A Saudi Arabian moment
When I was in Qatar, I appreciated its fresh air and clear skies. It was a taste of freedom following a short stay in Saudi Arabia.
Whenever I left my hotel, I had to wear a traditional abaya and niqab to cover my face and body. I was warned that my hair should never be visible if I want to evade harassment from the religious police. But the veil constantly slipped and I had to adjust it frequently. Thankfully, I didn’t get into trouble and thought maybe the rule applied more loosely to foreigners.
I was wrong.
The several women who were in my group were very beautiful. They went out onto the street wearing just the traditional cloak, only to be immediately returned. Because their hair was visible, they were approached by the religious police almost instantly. Needless to say, the experience rattled them.
It made me conclude that women who do not disturb the religious peace of the Saudi men are saved from crackdowns.
We had another strange experience at a restaurant. Because women are not allowed to sit together with men who are not family, I was put in the back room and had to eat with strangers.
I argued, “The men in that room are my friends, and the men in this room are total strangers,” but they wouldn’t relent. I was getting drunk on alcohol-free beer.
Then I saw how the women in Saudi Arabia lived when they were completely by themselves, in places like the female-only floors of the shopping malls.
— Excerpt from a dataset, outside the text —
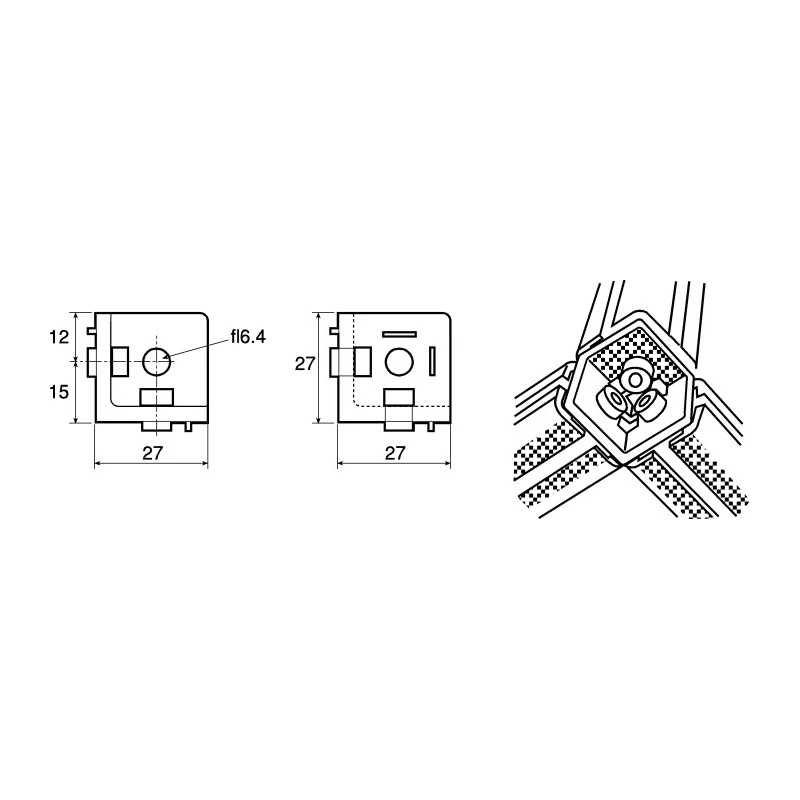 FlexLink M6 Angle Bracket Connecting Component Strut Profile 30 mm Groove Size 7.2 mm XFFA 30 C + XFBE 30 C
All I could see on the streets were their eyes, but here, the women were joyous, walking freely without the restriction of veils and robes.
I thought, “I’d rather go live on Mars than live in Saudi Arabia.” But that may not be fair.
Seventeenth-century and 18th-century Europeans were fascinated by how Muslim women’s lives were better and more diverse than in the West.
But after Western values started to penetrate Islam, Muslims began to more strictly enforce their rules. They stressed modesty and virtue, and Saudi Arabia, in particular, took this to heart. Saudi Arabia has too much of a complicated history to be criticized so simply as a backward country for women’s rights. They care for their women in their own ways.
Nevertheless, I was completely surprised to learn last week that Saudi women had been given - for the first time in history - the right to vote and hold office. Their tears contained a strong desire to overcome the limitations imposed upon them.
But Saudi women aren’t the only ones struggling. In fact, every woman experiences her own moments in daily life, doesn’t she?
The author is the JoongAng Ilbo’s London correspondent.